Los ojos de Arturo se dirigieron hacia Cale, y su expresión cambió. La desesperación fue reemplazada por un filo frío y agudo. La máscara del sirviente educado se cayó, revelando la herramienta de un amo despiadado.
"Un buen niño", dijo Arturo, su voz engañosamente suave. "Sería una lástima que le pasara algo. Un accidente en la escuela, quizás. Los niños pueden ser tan descuidados".
La amenaza quedó suspendida en el aire, no dicha pero clara como el cristal. La sangre se me heló. Estaban amenazando a Cale. Estaban usando mi amor por mi hijo elegido para obligarme a ver al biológico.
Mi elección había desaparecido. Me la habían quitado.
"Iré", dije, las palabras sabiendo a derrota.
Desperté a mi vecina, Doña Elvira, una amable anciana, y le pedí que cuidara a Cale hasta que Carlos llegara a casa. Ella echó un vistazo a los dos hombres grandes y silenciosos con trajes negros que flanqueaban a Arturo junto a la acera y su rostro se puso pálido. Asintió sin decir palabra, metiendo a Cale en su apartamento y cerrando rápidamente la puerta con llave.
Me arrodillé frente a Cale. "Volveré antes de que te des cuenta, mi amor. Pórtate bien con Doña Elvira".
No quería dejarme ir. Sus pequeñas manos se aferraron a la tela de mi abrigo. "No te vayas, mamá. Es una trampa".

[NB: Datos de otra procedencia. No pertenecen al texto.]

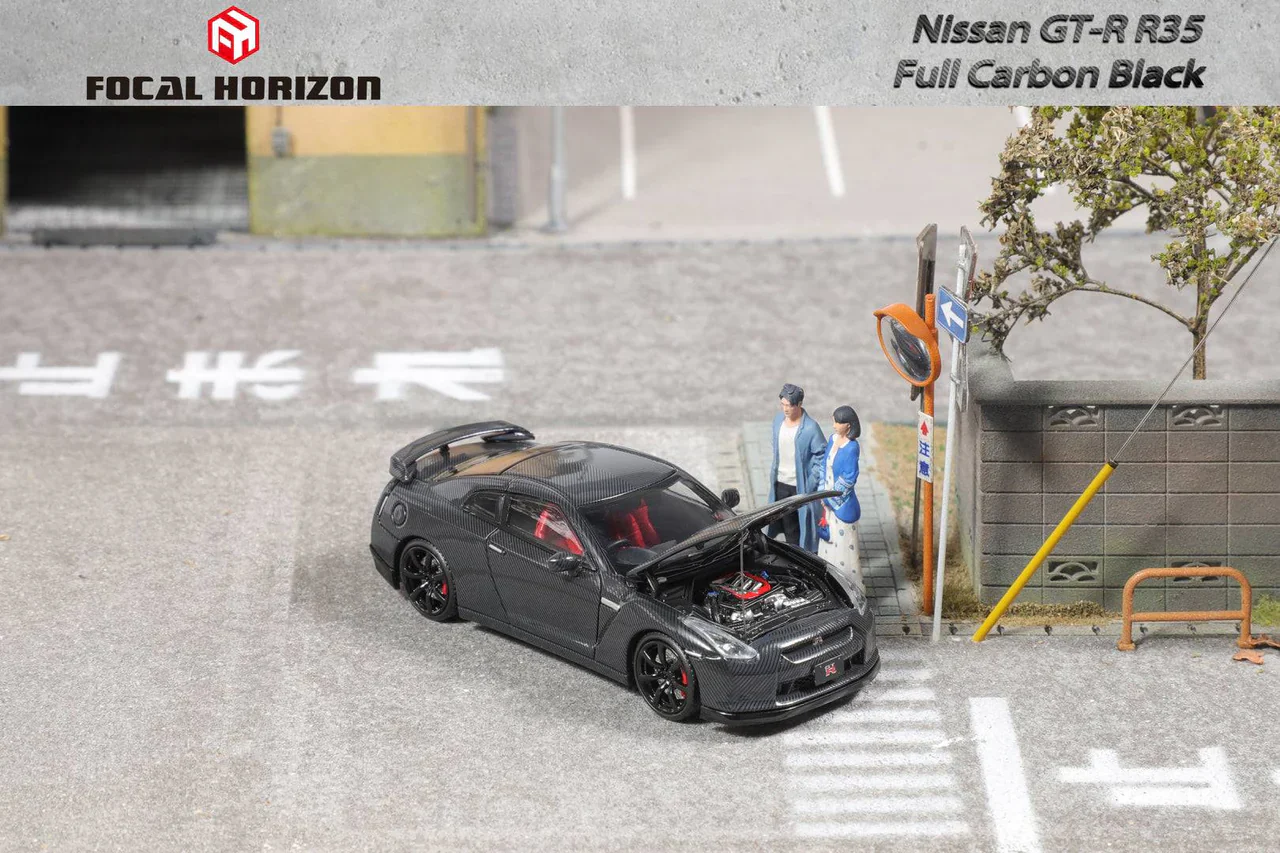 Focal Horizon 1:64 Nissan Skyline GTR R35 full Carbon Fibre Black - Image 4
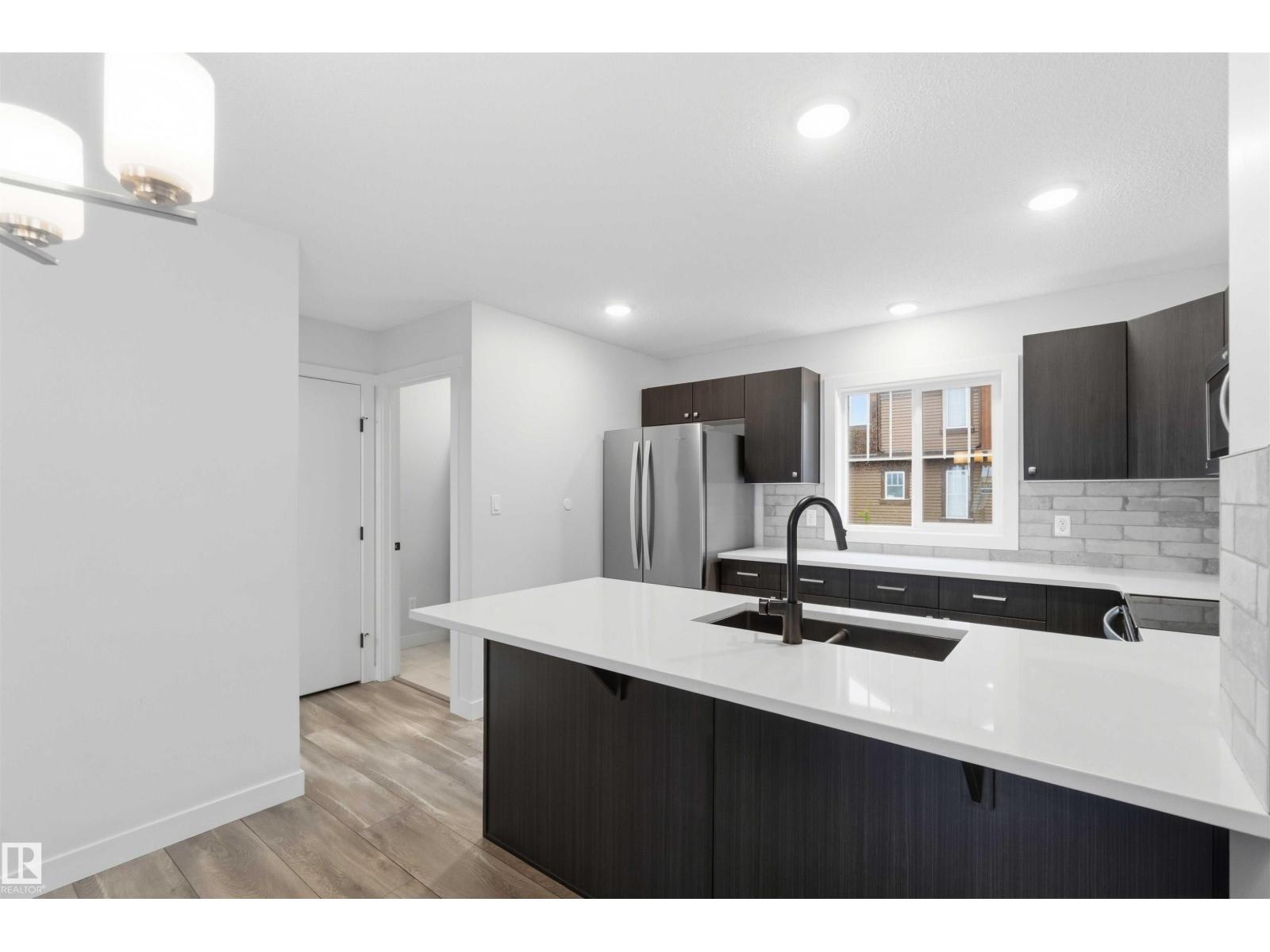 36 1005 GRAYDON HILL BV SW - 29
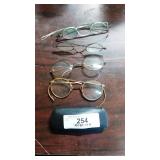 4 pr of vintage eye glasses & case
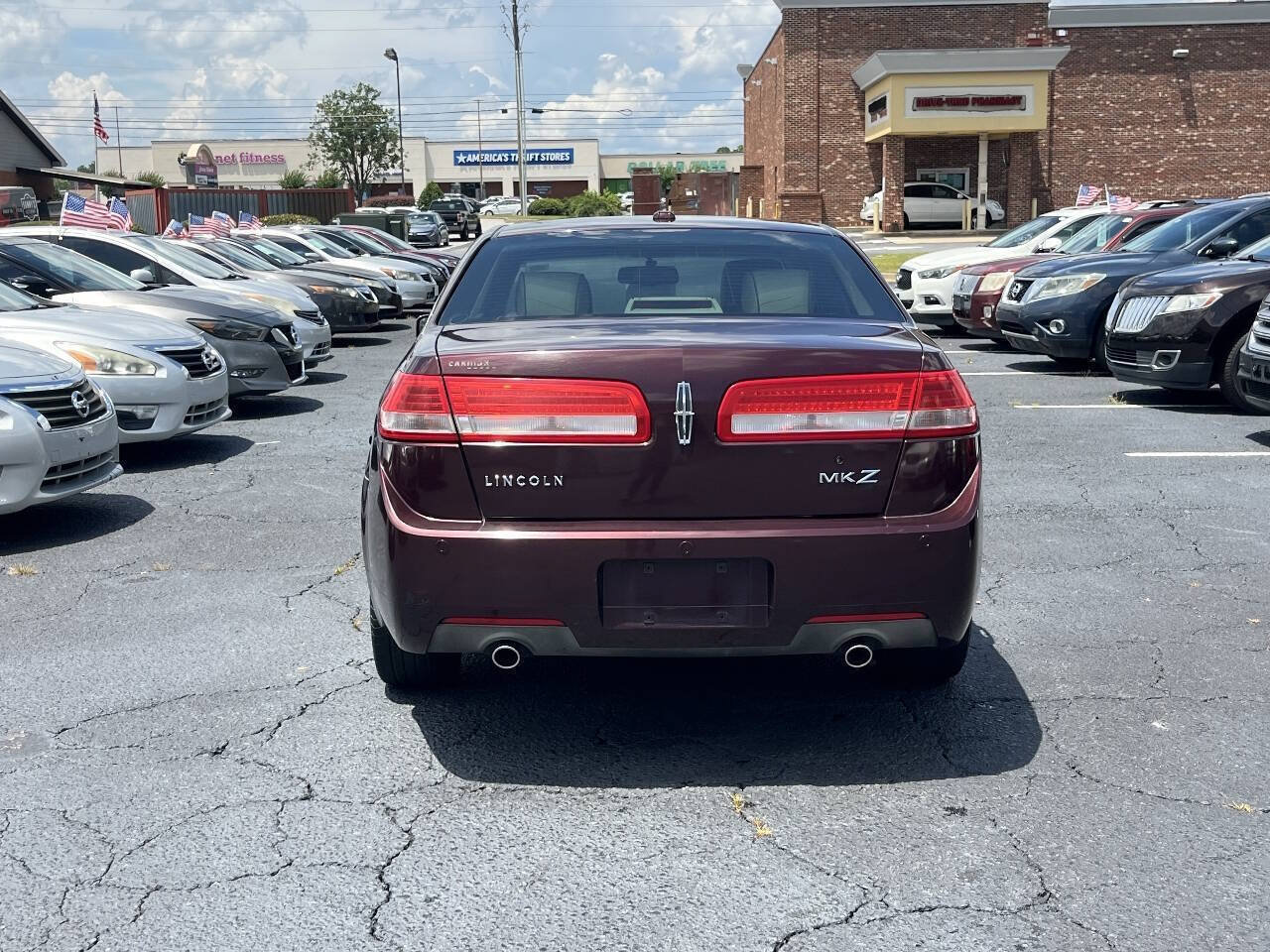 Used 2011 Lincoln MKZ FWD image 7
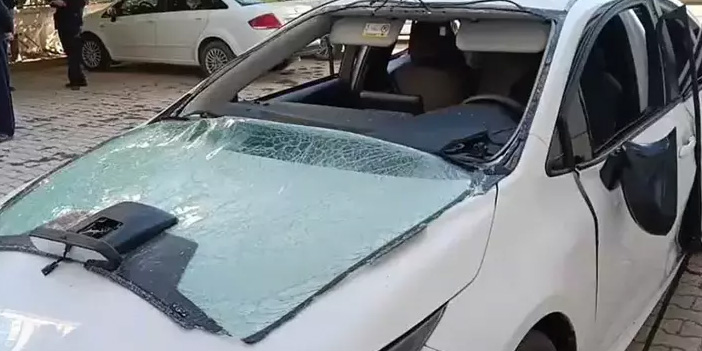 Elazığ’da park halindeki araç patladı, 1 çocuk yaralandı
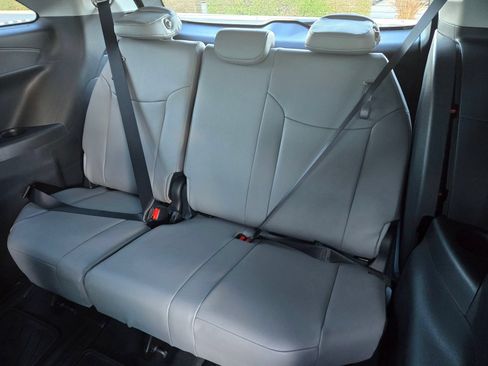 Certified 2026 Toyota Sienna XLE FWD image 12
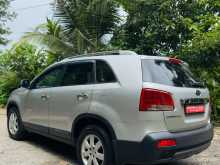 https://riyasewana.com/uploads/kia-sorento-171716184053.jpg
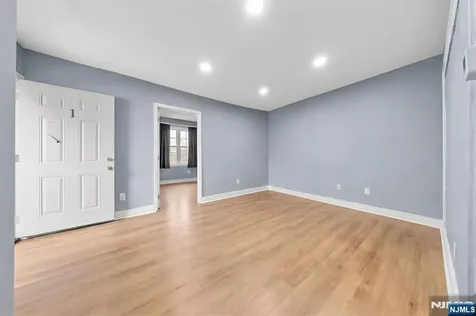 79 Delmar Place Irvington NJ 07111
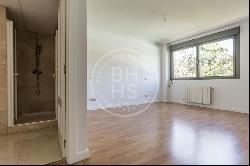 126 sqm flat with pool and views for sale in Encinar de los Reye, Madrid 28055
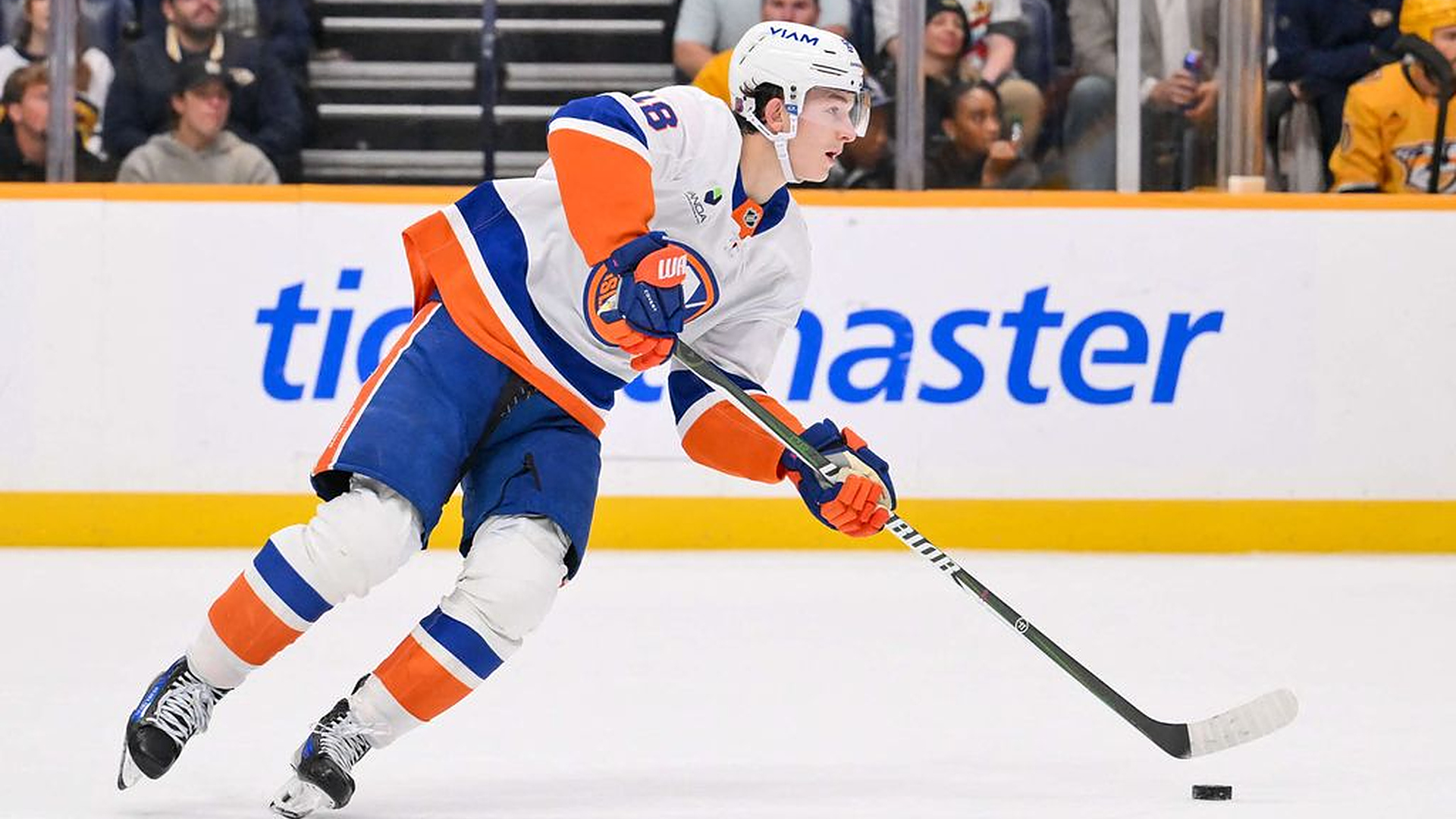 Viiden minuutin vaihto! NHL:n teinitähti teki historiaa
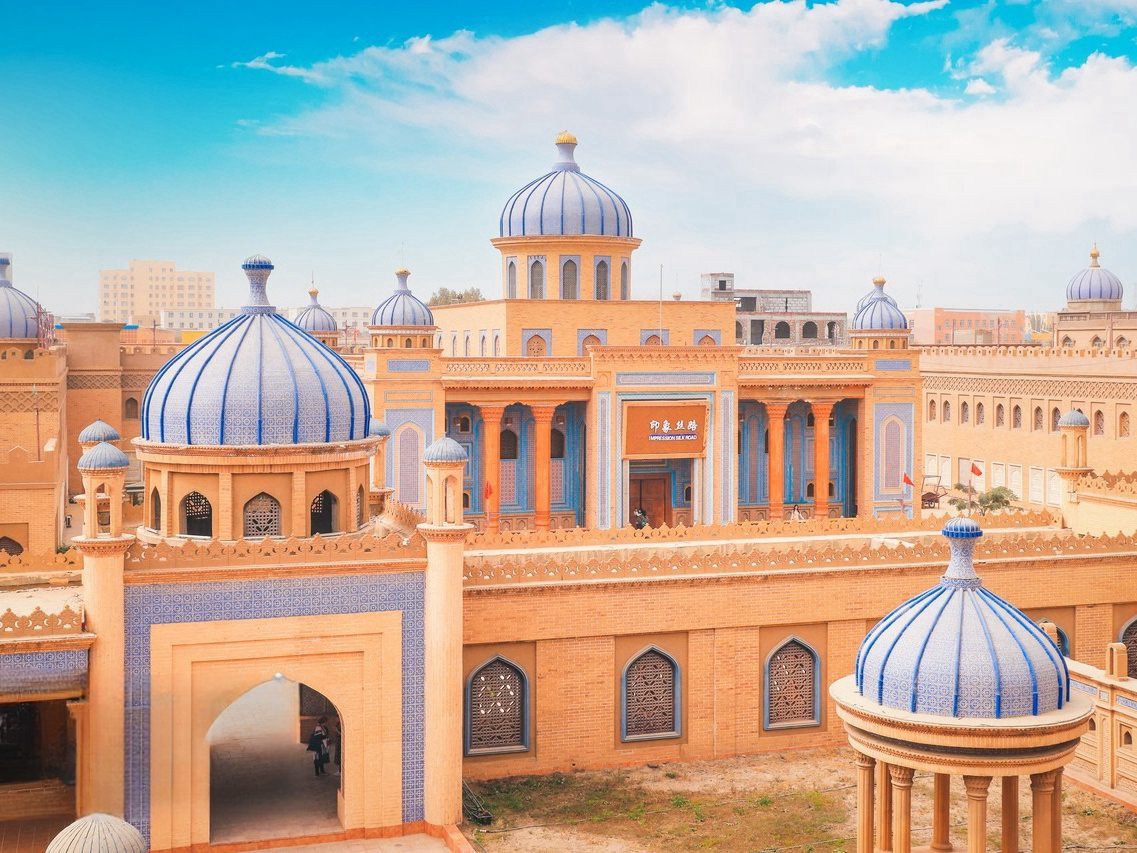 祕境南疆喀進烏出10日遊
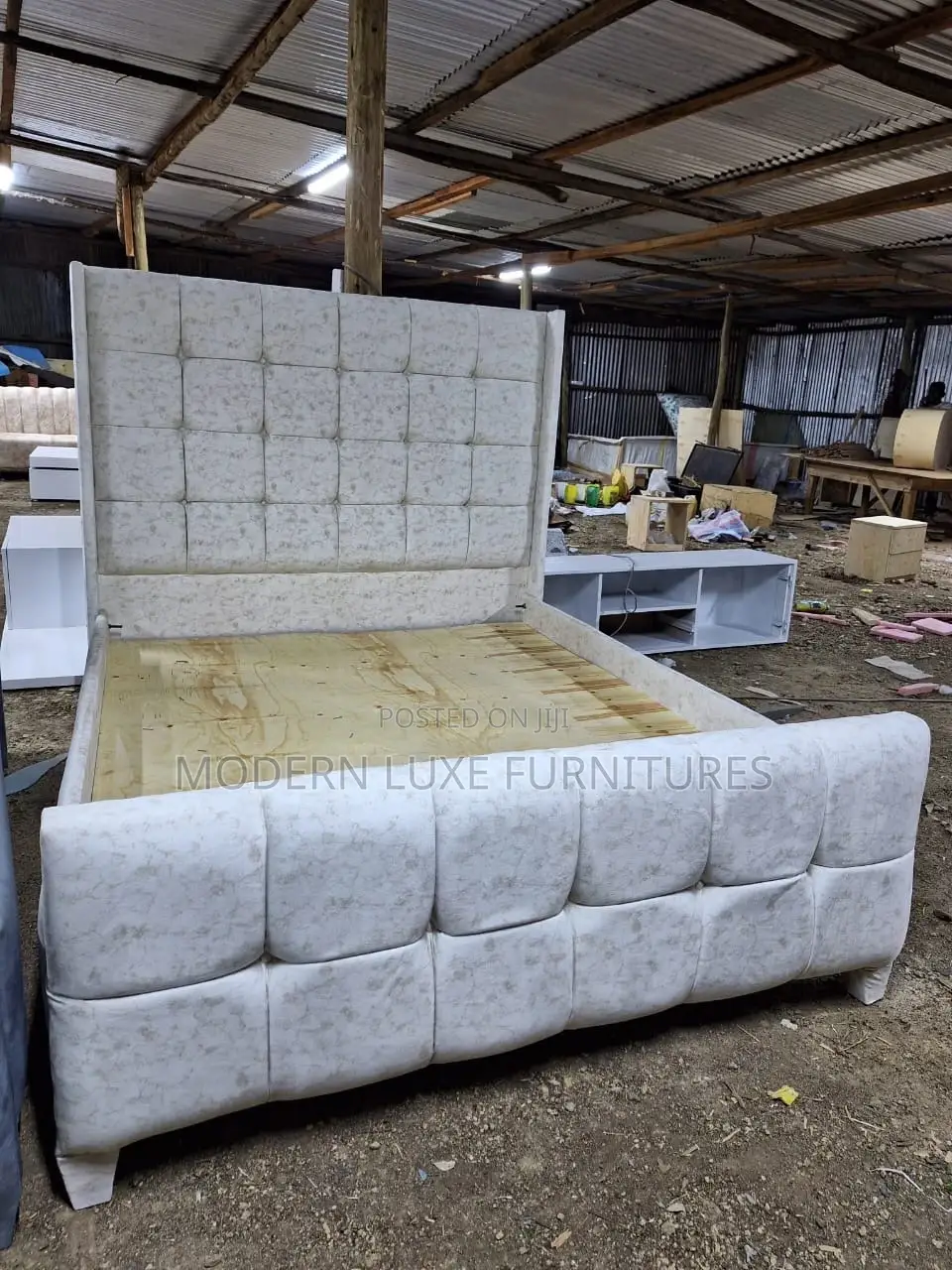 5/6 Fabric Bed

"Tengo que hacerlo", susurré, besando su frente. "Volveré pronto. Lo prometo".
Mientras la Suburban negra se alejaba de la acera, miré hacia la ventana de nuestro apartamento. Cale estaba allí de pie, una pequeña y solitaria silueta contra la cálida luz de nuestro hogar, viéndome desaparecer en la noche.